I hesitate to write this article in fear that it may be all downhill from here, that I'm tempting fate. Because, you see, I support a club - Tottenham Hotspur - that is the master of the glorious failure. A team that during the Premier League era has been seen as a serial underperformer. A once-big club that has been surpassed not only by its north London neighbor but also by the nouveau riche Chelsea and Manchester City. 

And two seasons ago a much derided manager came in to lead us out of a relegation battle. Often likened to "Arfur Daly" of Minder fame, Harry Redknapp has proven to be a perfect match for the Spurs' temperament: someone whose attacking mindset is mixed with a perceived tactical naivete. 

This is the backstory to what it means to be a Spurs' fan. A motto of "To dare is to do" is starkly represented in Danny Blanchflower's famous quote: "The great fallacy is that the game is first and last about winning. It is nothing of the kind. The game is about glory, it is about doing things in style and with a flourish, about going out and beating the other lot, not waiting for them to die of boredom."

The Spurs' fan has woken to many false dawns in recent years but Thursday's may have been the brightest. No longer can we be accused of hiding behind our beautiful football and not achieving the results an expensive list should produce. 

Tottenham's second visit to the San Siro in one season produced a starkly different performance to their first. That match against Inter was dominated from the start by the home side who raced to a 4-0 lead and were coasting from then. Spurs were looking at a loss that could derail their Champions League campaign. But a second-half cameo by Gareth Bale dragged the team back into a typically glorious 4-3 failure. 

However, by virtue of shrinking the margin of this loss, Spurs gained ground in the group and, after toppling Inter at home, won through to the knockout stages as a group winner.   

Prior to this week's AC Milan game, Spurs were all but written off as soon as Bale injured himself and could not make the trip.  AC Milan found no fear in a lineup without his threat on the wing and carrying two crocked playmakers in Modric and Van Der Vaart.  This line of thinking reasoned that Nesta and Yepes were more than a match for Crouch and the defensive achilles heal of Spurs could not cope with Ibrahimovic et al. This was also the stage upon which Redknapp's naivete would be exposed for all to see.

Spurs proceeded to dominate the first half without reward. Crouch was a handful, Lennon was giving the left back fits, VdV was occupying three defensively minded midfielders, Corluka and Assou-Ekotto forced Milan into retreat on the flanks and the defence had Ibrahimovic, Robinho and Seedorf in their pocket. 

Milan took some angry pills at half time and came out and took hold of the game. Flamini somehow escaped a red card for a two-footed tackle that all but broke Corluka's ankle. And Gattuso was losing his mind to the descending red mist.
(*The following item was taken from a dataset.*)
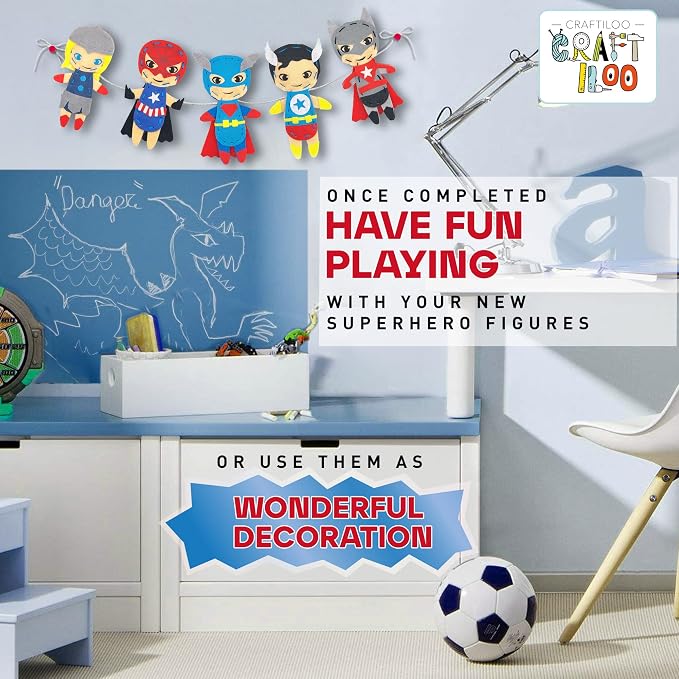 Superhero Sewing Kits for Little Kids 5 Easy Projects for Children Beginners - Image 7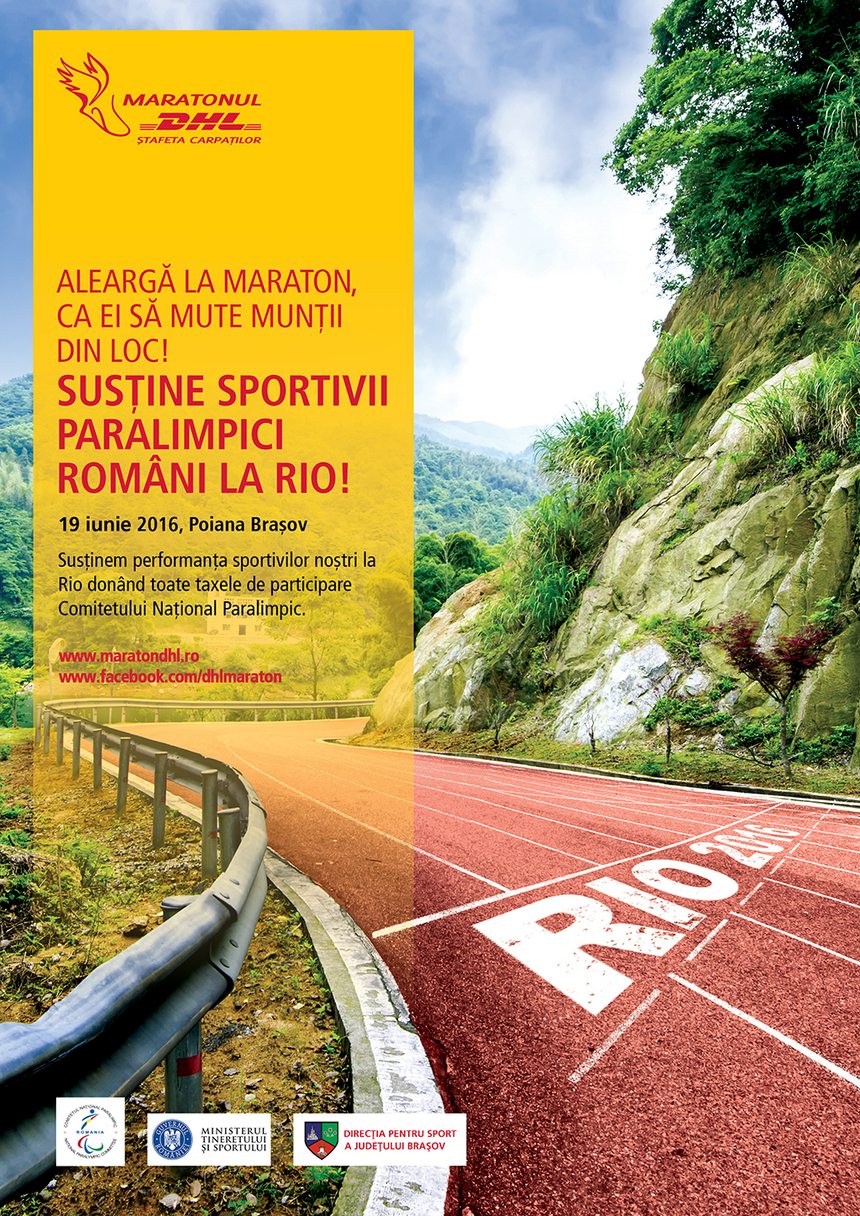 COMUNICAT DE PRESĂ: Maratonul DHL Ştafeta Carpaţilor susţine cel mai mare număr de sportivi paralimpici români din istorie, calificaţi la Jocurile Paralimpice de la Rio!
Then a very curious thing happened. The Spurs' defence defended. Resolutely. 

This was something no person, not even those within the Spurs camp, had predicted was possible before the game. In fact the mere mention of such absurdity had caused ripples of laughter in pre-game press conferences. It was as if they didn't want Milan to score. 

Milan were aghast. First midfielders threw themselves forward, then full backs acted like wingers. Only a matter of time they thought. And it was. Sandro and Modric combined to dispossess Milan and then set Lennon free to set up the goal.

Silence from the home fans and Gattuso's mist - culminating his headbutt of Harry's assistant Joe Jordan - became a deluge.

The Yid Army now returns to White Hart Lane on March 9 to find out whether this dawn will herald a new era for Spurs - or just more false hope.